### Work instruction
All records are to be transcribed in full; any pictures among them are to be skipped.

### Records drawn from a dataset
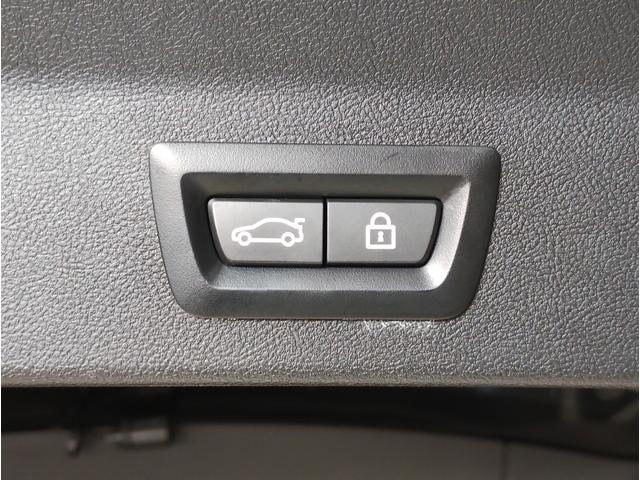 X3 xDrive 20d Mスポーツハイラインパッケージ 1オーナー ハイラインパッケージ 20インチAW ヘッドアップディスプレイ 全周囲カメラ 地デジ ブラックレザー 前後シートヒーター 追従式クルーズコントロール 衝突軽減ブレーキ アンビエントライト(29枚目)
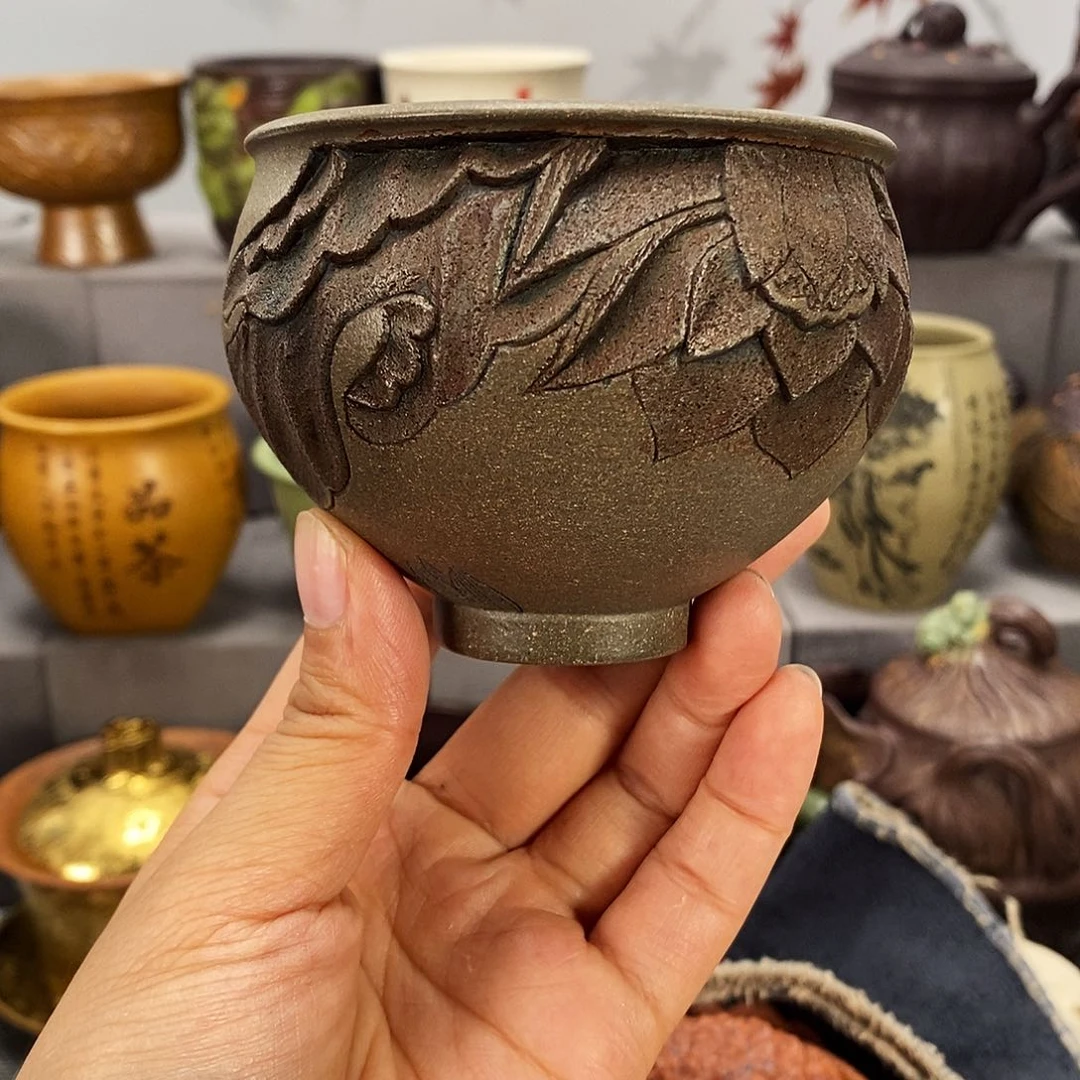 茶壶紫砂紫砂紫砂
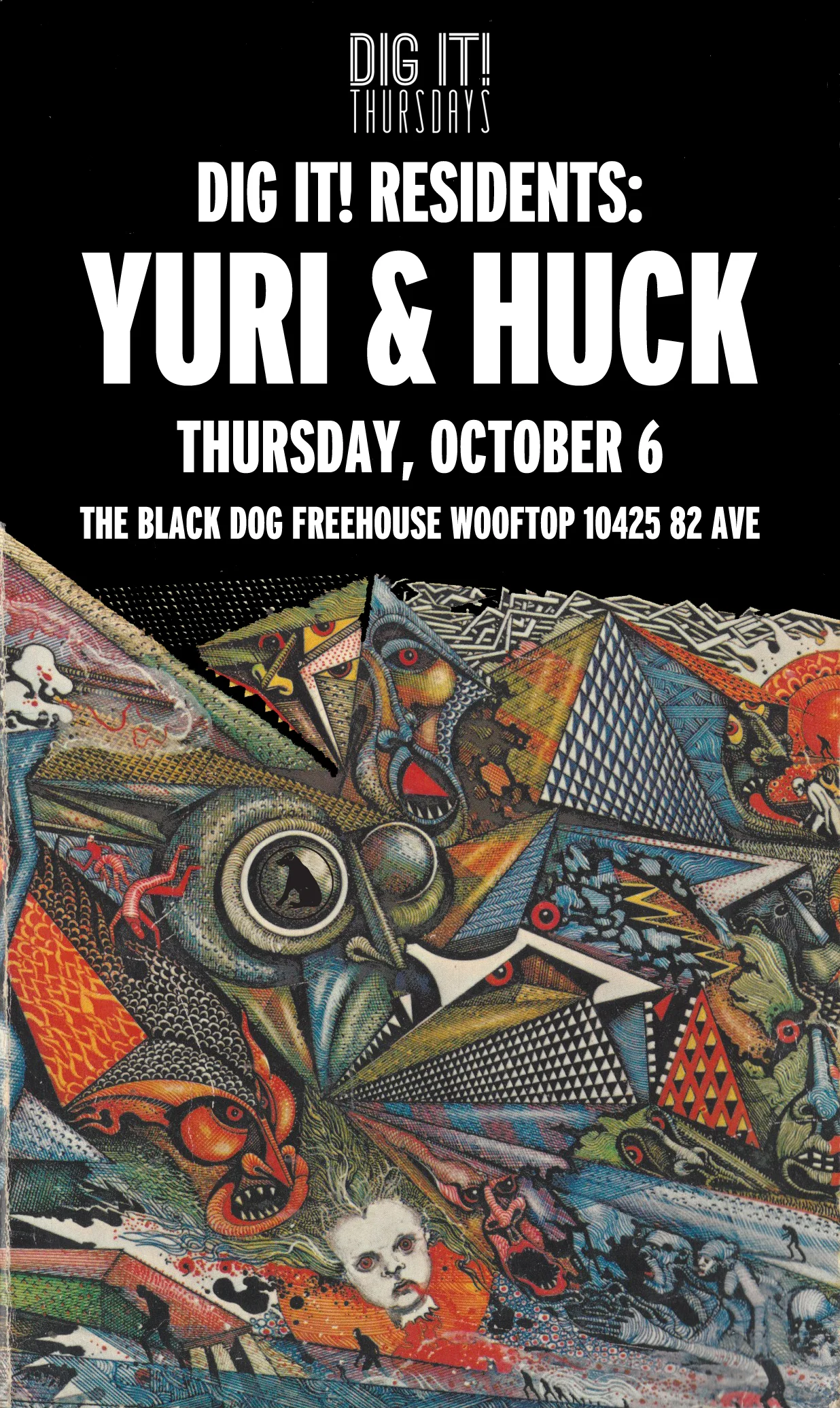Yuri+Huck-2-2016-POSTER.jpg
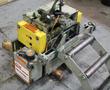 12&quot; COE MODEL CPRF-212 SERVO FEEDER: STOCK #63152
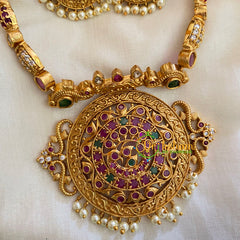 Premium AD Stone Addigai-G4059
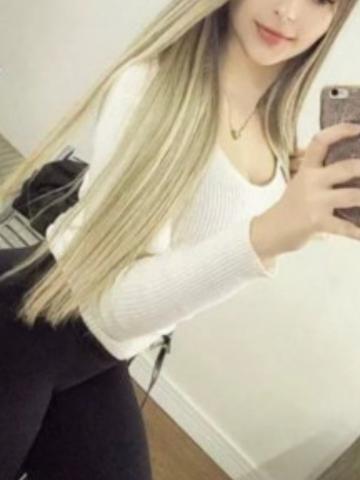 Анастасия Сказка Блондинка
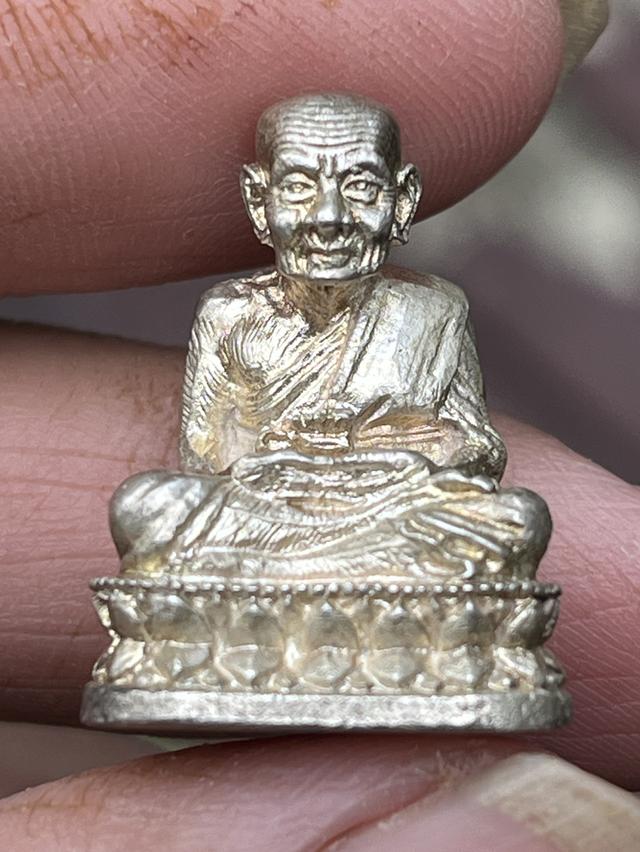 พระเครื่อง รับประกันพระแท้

### Exercise answer
 X3 xDrive 20d Mスポーツハイラインパッケージ 1オーナー ハイラインパッケージ 20インチAW ヘッドアップディスプレイ 全周囲カメラ 地デジ ブラックレザー 前後シートヒーター 追従式クルーズコントロール 衝突軽減ブレーキ アンビエントライト(29枚目)
 茶壶紫砂紫砂紫砂
Yuri+Huck-2-2016-POSTER.jpg
 12&quot; COE MODEL CPRF-212 SERVO FEEDER: STOCK #63152
 Premium AD Stone Addigai-G4059
 Анастасия Сказка Блондинка
 พระเครื่อง รับประกันพระแท้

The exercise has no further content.